Der stärker theoretisch orientierte wissenschaftliche Diskurs zu Fragen von Sexarbeitsfeindlichkeit, Professionalität in der Sozialen Arbeit und der Wirkweise des gesellschaftlichen Stigmas um Sexarbeit wird nicht rezipiert. Stigma wird ausschließlich als eine erstrebenswerte „Stigmatisierung der Freier“ (Ebd.: 49) und als Motiv der Aussageverweigerung (Ebd.: 101) thematisiert, während der Zusammenhang einer Stigmatisierung von Sexarbeiter*innen und Sexkäufer*innen in Missachtung gegenteiliger Evidenz (Vuolajärvi 2022) geleugnet wird. Die Evaluation hat gezeigt, dass bereits unter dem gegenwärtigen Gesetz 60,7% der Befragten heimlich arbeiten (Bartsch et al. 2025: 563). Die Frage, wie sich dies nach einer Verschärfung der Gesetzeslage verändern könnte wäre höchst relevant und es ist nicht nachvollziehbar, warum sie bei Drobnik außenvor gelassen wurde.
Konklusion
Jakob Drobniks Nordisches Modell und Menschenhandel stellt einen autoritären und verfassungsrechtlich zweifelhaften Gegenentwurf zur Studie zur Evaluation des Prostituiertenschutzgesetzes dar. Methodisch wird zu einem unangemessenen Grad auf anekdotale Evidenz abgestellt, während die Ergebnisse von Studien keine angemessene Beachtung finden. Der wissenschaftliche Diskurs wird selektiv rezipiert. Die Zitationsweise ist unwissenschaftlich und Zahlen werden zum Teil verfälscht. Während das Buch einen hilfreichen Überblick zu medialen Debatten und gesetzlichen Entwicklungen in Schweden, Norwegen und Frankreich bietet, ist seine Perspektive von deutlichen Biases geprägt und es fehlen wichtige Faktoren für eine Gesamtbewertung.
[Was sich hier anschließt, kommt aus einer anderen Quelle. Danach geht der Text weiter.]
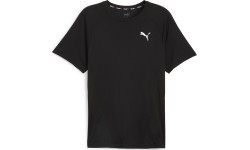 Puma Train All Day Tee vīriešu T-krekls melns 524916 01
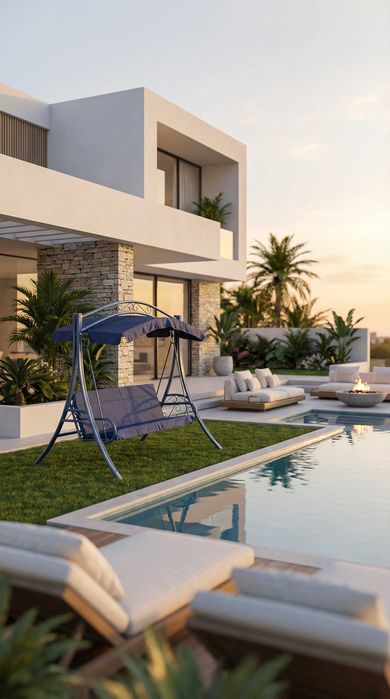 Kachelya качеля mebel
Den Mitgliedern der Expert*innenkommission wäre dementsprechend zu empfehlen das Buch kritisch und im Bewusstsein seiner Biases zu rezipieren.
Literaturverzeichnis
Drobnik, Jakob (2025): Nordisches Modell und Menschenhandel.
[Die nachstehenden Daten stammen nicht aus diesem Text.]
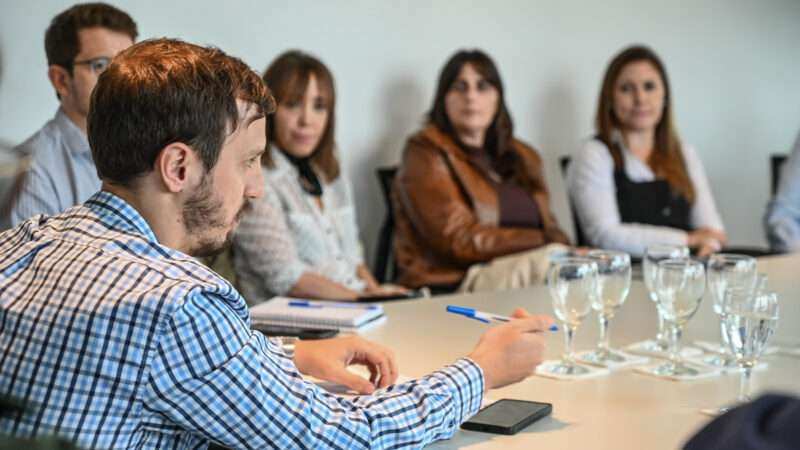 El Municipio de Escobar y el Poder Judicial avanzan en la creación de una mesa de trabajo sobre delitos ambientales y maltrato animal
Mack, Elke/ Ulrich Rommelfanger (2023): Sexkauf. Baden-Baden: Nomos.
Bartsch, Tillmann/ Robert Küster/ Laura Treskow/ Isabel Henningsmeier/ Joachim Renzikowski (2025): Abschlussbericht. Evaluation des Gesetzes zur Regulierung des Prostitutionsgewerbes sowie zum Schutz von in der Prostitution tätigen Personen.
Vuolajärvi, Niina (2022): Criminalising the Sex Buyer: Experiences from the Nordic Region. Policy Brief 06/2022.
Jämställdhetsmyndigheten (2021): Prostitution och Människohandel. Rapport 2021:23.